Do you have a will? Well, if you have, then there is nothing to worry about. However, if you do not have, think again, is this really the right course of action? Sure, people live longer these days (Thanks to our medical technologies), that does not mean that you will have anything to do with that.
There are several uncertainties that can take your life, leaving a situation where your children do not have a proper will to distribute your property legally. Before we start with the things necessary for a will’s planning, let us ensure that we are on the same page.
What Is A Will?
A will is arguably the plan of any real estate property. The Will includes the attorney’s financial power, medical power of the attorney, and potential trust to make the right judgment when the time calls for it.

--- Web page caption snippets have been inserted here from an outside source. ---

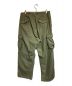 NIGEL CABOURN (ナイジェルケーボン) ARMY CARGO PANT オリーブ サイズ:34：23000円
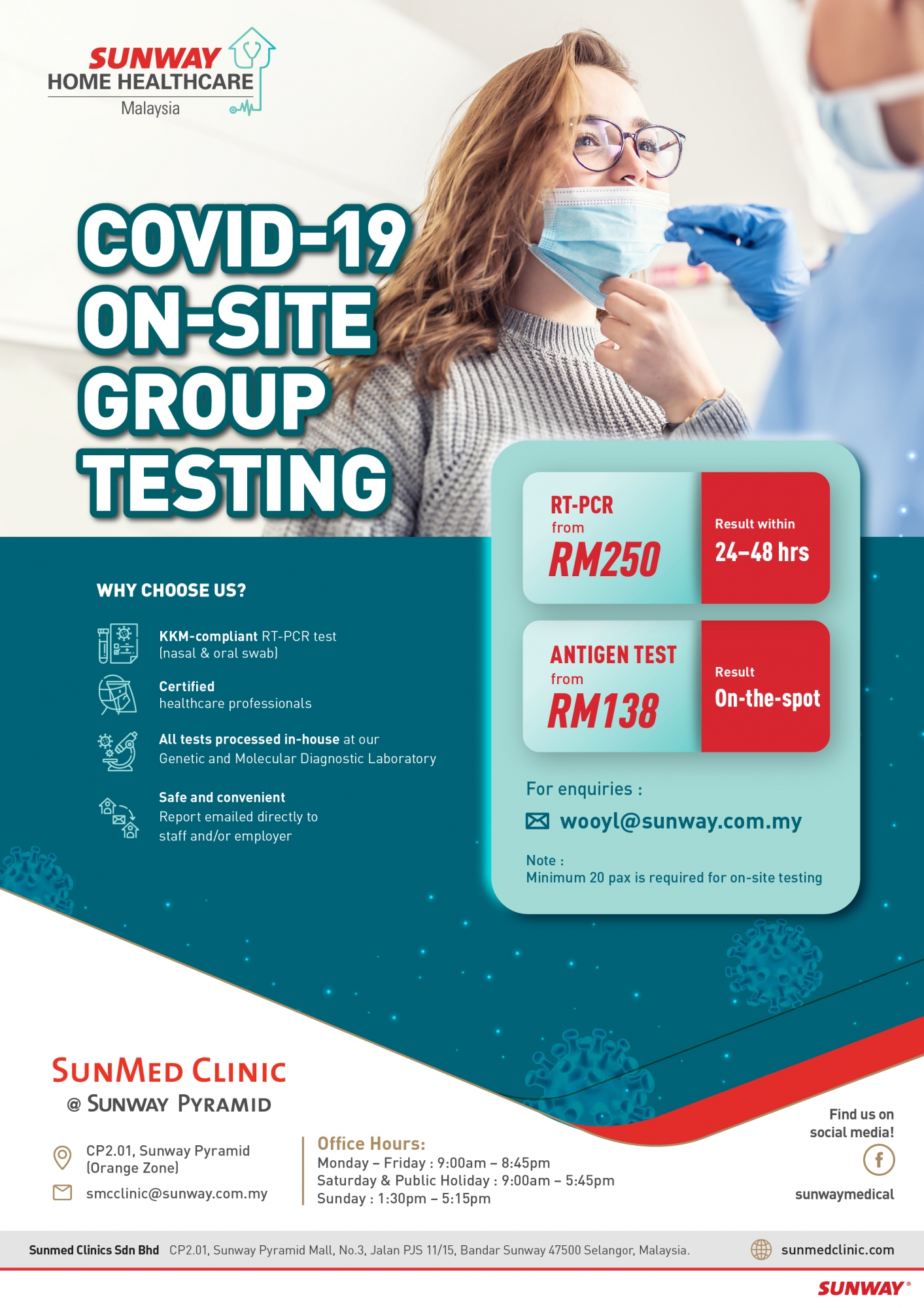 COVID-19 On-Site Test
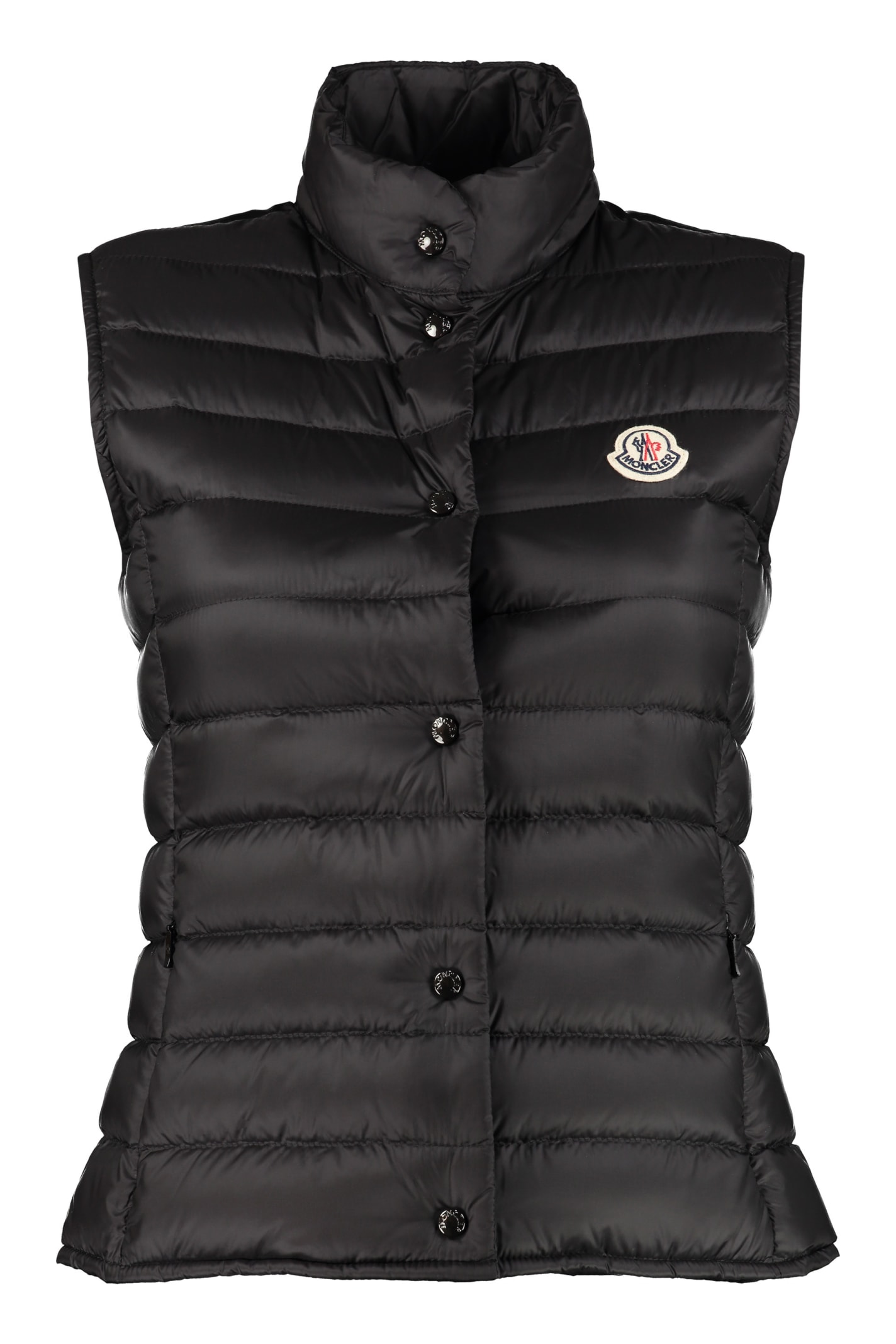 moncler body warmer black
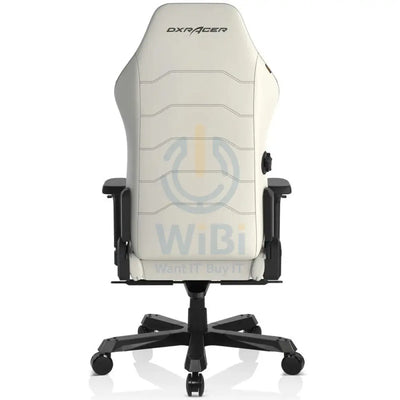DxRacer Master Series Gaming Chair - White Accessories > Chairs > Gaming Zone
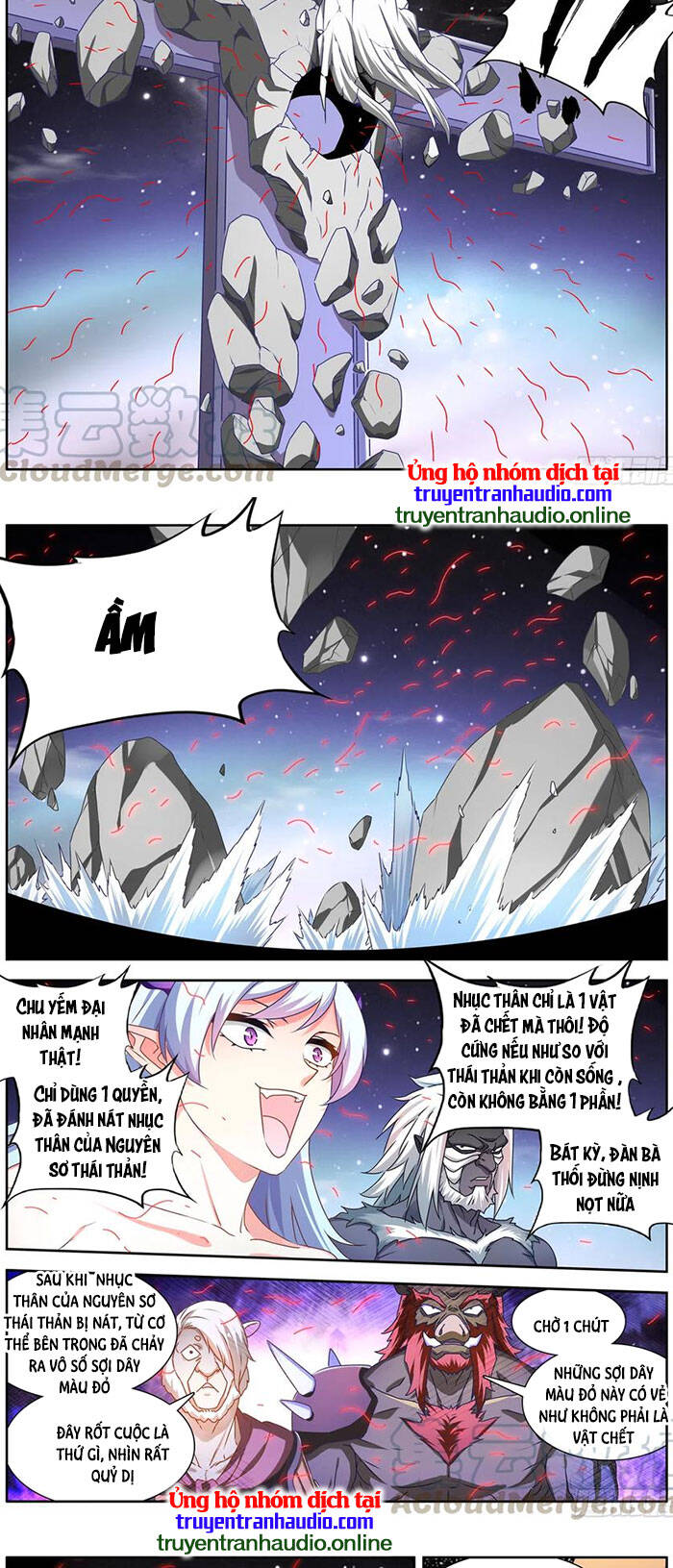 Song Tu Đạo Lữ Của Tôi Chapter 637 - Trang 2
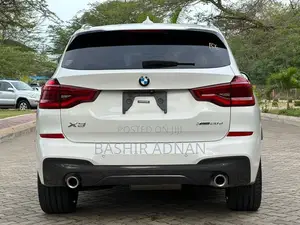 BMW X3 2019 White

While creating a will, the will’s creator identifies an executor; you can even say a personal representative of the real estate property. They are in charge of managing the property and taking care of the descendants’ real estate affairs.
However, most people fail to create a will because they are afraid of their morality. In fact, some people believe that creating a will is just a way of time.
If you die without creating a proper will for your descendants, you might invite intestacy laws. Learn more information on Probate Court in Georgia.
Things You Need To Know About Planning Your Will
The astonishing fact of America is that only one-third of the Americans have a will. If you are one of the Americans that are yet to create a will, do it now.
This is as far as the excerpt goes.